Did A12 revision chips run so hot that only OEM's will initially get the XTX version (with the big-ass cooler, ~13'') while retail gets perhaps the XT/XL/(GTO) running at slower speeds on the 9'' PCB until A15 comes out and they can ramp to the speeds while using a smaller cooler (9'' pcb?).

At least seems a possibility, if enough A15's are not produced. If nothing else, whatever uses A15 at launch could be probably be rare-er, if not delayed past the initial launch if at least SOME parts are using A12. Remember the X1800XL availability, and the X1800XT not trickling into the market until a little later? It seems that could happen again.

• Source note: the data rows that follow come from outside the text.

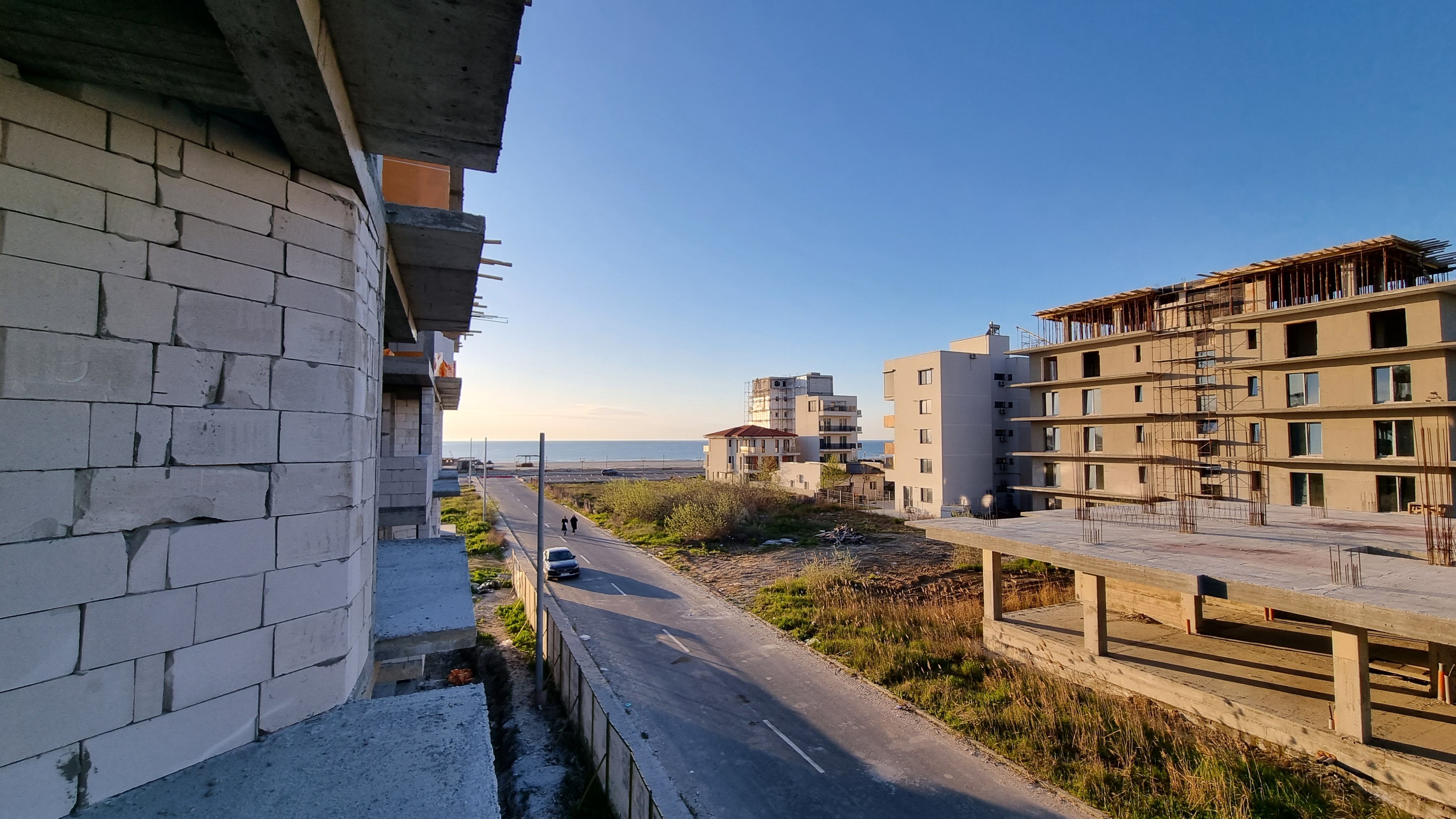 Ag. Eu. vinde aP. 2 Cam  38 mp  Parter/8   finalizare 2024 feb.  mamaia nord — fotografia 5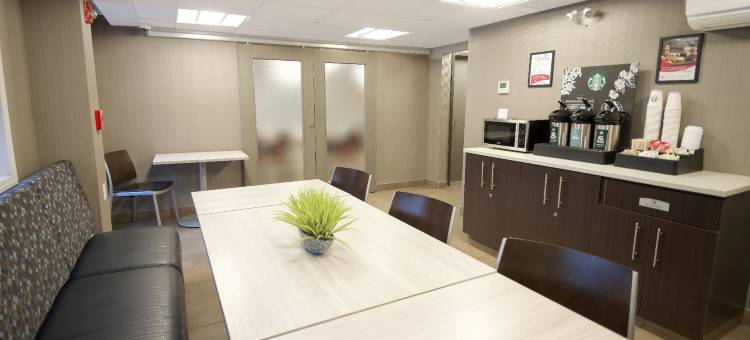 卡尔加里市中心海岸酒店及套房-由阿帕管理(Coast Calgary Downtown Hotel & Suites by APA)图片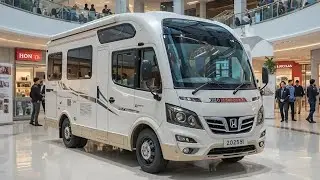 From Compact to Colossal &mdash; Honda&rsquo;s Motorhome Camper Truck Will Blow Your Mind! 💥🏠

Perhaps it's as simple as , Ati started production on the A12 spin . This met the goals for OEM cards. They built up a sizable quanity for launch while switching to A15 for the retail launch. That way they could serve both sectors without under supplying both.
 
True enough. Obviously, that is the best case scenario and certainly possible. It'd be nice to see all 9'' (retail) cards using the A15 revision, just hope it doesn't delay the darn things longer.

On the other hand, if I were a high-end OEM, I'd be pissed with getting the ungodly hot/not clocking as well, huge-fanned, full-case sized pcb w/ beta-chip monstrosity to pitch in my machines. (Yeah, that was a bit over-the-top...)

I suppose we shall see how it unfolds.